Monday, July 15, 2013

Thai Food

With my recent experiences with Thai Noodles, I may be moving towards switching from my usual favorite of Pad Thai possibly to Pad Kee Mao.   I've always loved Pad Thai; but, I've recently had a couple that were just too sweet and "heavy".   Pad See Ew and Pad Kee Mao are both made with the thicker rice noodles; but, Pad Kee Mao with the extra peppers for spice and the thai basil really has a nice flavor.

Either way, I have been inspired to start trying to cook Thai noodles.   I have tried Pad Thai in the past with some limited success; and will try to do so again this week, since I did buy the ingredients already.   But, I just might try to make Pad Kee Mao and Pad See Ew also in the future.  I would love to be able to replicate the unique flavors I remember from my experiences in some of the best Thai restaurants that I have tried.

17-Jul:  I came across a recipe that shows a Thai Sauce that can be made using lime juice, brown sugar, fish sauce, and Asian hot sauce.   I haven't tried it yet; but, it seems like it would make interesting flavors.   There's another recipe that mixed thick soy with fish sauce and oyster sauce, which may be interesting.   Also, I intend to experiment with Thai basil and maybe some sweet chili peppers in my cooking.

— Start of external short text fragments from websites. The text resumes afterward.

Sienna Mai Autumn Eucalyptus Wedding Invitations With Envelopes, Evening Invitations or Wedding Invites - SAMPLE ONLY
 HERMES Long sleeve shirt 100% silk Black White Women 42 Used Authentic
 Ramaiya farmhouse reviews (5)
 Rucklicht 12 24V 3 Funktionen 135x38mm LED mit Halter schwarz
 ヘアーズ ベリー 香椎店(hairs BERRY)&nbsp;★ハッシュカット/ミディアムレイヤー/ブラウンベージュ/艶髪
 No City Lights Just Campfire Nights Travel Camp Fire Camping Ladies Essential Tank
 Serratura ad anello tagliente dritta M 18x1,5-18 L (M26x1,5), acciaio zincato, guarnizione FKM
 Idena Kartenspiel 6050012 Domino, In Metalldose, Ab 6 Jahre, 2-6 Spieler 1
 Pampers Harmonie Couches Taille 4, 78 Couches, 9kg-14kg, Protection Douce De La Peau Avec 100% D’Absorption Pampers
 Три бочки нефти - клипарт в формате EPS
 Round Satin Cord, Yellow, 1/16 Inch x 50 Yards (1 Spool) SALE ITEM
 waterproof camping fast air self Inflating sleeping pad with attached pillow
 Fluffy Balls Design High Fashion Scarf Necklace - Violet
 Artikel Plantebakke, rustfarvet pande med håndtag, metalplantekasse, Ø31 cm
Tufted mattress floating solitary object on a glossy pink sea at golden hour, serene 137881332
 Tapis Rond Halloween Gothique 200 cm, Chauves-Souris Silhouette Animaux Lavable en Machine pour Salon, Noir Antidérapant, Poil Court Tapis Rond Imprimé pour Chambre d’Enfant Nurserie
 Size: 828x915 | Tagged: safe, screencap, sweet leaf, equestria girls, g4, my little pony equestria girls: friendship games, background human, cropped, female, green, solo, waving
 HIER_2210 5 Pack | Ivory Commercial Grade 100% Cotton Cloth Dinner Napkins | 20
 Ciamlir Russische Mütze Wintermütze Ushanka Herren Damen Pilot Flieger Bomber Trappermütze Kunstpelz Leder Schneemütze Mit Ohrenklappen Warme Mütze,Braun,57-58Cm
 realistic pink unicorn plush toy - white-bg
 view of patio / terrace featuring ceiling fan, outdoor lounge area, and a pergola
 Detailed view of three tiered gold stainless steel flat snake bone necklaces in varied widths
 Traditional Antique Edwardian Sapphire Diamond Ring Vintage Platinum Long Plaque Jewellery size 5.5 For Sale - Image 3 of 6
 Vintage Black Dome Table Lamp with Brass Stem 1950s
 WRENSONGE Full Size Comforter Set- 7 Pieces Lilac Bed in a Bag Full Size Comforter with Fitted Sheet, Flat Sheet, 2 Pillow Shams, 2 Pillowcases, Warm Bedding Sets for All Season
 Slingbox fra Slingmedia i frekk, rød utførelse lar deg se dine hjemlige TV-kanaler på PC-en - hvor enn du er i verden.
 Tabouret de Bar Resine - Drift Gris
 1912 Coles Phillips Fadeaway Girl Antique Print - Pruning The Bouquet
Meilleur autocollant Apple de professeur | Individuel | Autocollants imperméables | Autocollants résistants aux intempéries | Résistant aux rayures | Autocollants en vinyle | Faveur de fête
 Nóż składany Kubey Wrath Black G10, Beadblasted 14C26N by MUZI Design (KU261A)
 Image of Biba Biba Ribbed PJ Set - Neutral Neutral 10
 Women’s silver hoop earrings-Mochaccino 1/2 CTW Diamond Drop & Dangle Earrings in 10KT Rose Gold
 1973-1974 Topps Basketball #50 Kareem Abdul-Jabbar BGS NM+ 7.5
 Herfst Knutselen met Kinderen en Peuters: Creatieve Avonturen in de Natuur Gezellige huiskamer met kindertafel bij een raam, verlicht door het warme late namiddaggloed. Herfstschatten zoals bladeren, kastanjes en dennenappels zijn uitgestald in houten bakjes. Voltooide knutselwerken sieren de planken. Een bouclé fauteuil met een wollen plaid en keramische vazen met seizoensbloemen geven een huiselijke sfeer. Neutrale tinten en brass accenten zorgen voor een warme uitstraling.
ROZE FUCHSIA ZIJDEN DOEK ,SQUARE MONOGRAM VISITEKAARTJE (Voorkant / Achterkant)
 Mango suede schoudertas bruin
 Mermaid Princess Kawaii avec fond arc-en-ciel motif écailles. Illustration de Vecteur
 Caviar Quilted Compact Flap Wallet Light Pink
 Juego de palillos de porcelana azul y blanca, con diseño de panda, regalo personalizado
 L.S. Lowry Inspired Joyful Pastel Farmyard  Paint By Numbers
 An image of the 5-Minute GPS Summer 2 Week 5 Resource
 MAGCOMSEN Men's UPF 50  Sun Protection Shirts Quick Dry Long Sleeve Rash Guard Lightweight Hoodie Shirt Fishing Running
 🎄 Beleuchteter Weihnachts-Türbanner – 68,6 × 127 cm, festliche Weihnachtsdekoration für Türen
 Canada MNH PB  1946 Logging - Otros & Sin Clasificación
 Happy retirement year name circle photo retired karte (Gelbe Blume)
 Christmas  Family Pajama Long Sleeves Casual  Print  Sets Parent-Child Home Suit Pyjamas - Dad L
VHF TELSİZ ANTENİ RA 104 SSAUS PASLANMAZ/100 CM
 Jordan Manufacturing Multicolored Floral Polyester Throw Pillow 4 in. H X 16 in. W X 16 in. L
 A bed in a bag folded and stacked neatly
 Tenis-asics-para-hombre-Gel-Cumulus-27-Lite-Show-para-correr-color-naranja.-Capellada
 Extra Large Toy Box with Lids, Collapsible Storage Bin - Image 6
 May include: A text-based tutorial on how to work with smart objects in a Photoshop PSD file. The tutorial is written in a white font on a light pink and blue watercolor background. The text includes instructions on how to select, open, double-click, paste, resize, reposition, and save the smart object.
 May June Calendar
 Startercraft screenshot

22-Jul:  Rather than making Thai Noodles, I thought I'd experiment with Thai cooking without the noodles.   Following are some of the dishes I made:
  • Fava Bean - Heated the beans, added a mixture of garlic, lemon juice, salt, and parsley, and added diced tomatoes at the end.   The other optional ingredients like green onion, olive oil, and add'l parsley were not needed
  • Kale Chips - Oven roasted kale with olive oil; and then added very little salt after the kale was crisp and done.  This tastes good mainly when it is still hot and crispy.  And, it would be good with some sort of protein dish served over it (like fish or tofu).
  • Thai Kale - Stir fried green onion, garlic, blanched kale, mint, basil and tajin (a lime and chili pepper spic), fish sauce, and brown sugar.  This was quite good.
  • Italian Mushroom - pan fried onion, garlic, mushroom, parsley, salt,. pepper, and red wine.  This turned out well.
  • Thai Bell Peppers - stir fried green onion, garlic bell peppers, mint basil, fish sauce, oyster sauce, soy sauce, hot and sweet chili sauce, and tajin.   The tajin spice was good for this dish; and the bell peppers worked with this heavier sauce
  • Thai Cucumbers - stir fried sliced Persian cucumbers with basil, mint, lemon juice, sweet & hot chili suace, tajin, brown sugar, and fish sauce.   This may have been the best dish from all these experimental dishes
  • Radish Greens - I used to just throw these away and only kept the radishes; but, learned last week that these can been cooked.  So, I stir fried them with onion, garlic, a little basil, cinnamon, nutmeg, and mediterranean spice.   It tasted pretty good and the cinnamon and nutmeg helped to counteract the bitter taste of the radish greens.
  • Curly Mustard Greens - stir fried with olive oil, onion, garlic, fish sauce, basil, and mint.   This dish seemed better with just simple ingredients in order to allow the natural mustard green flavor to be tasted.
  • Burghul Pilaf - Bought a box of this pre-made and just boiled it.   The flavors weren't so good, and definitely missed the taste of fresh ingredients.   I probably wouldn't buy this again.
Overall, it was fun to experiment.   I'm not sure whether the Thai chili peppers would have made the extra difference, since most of the dishes seemed to be "missing something".   I liked the smell of the mint and basil when cooking; and the brown sugar was really good in balancing some of the other flavors.   I still need to practice more before; and I do intend to try, try again.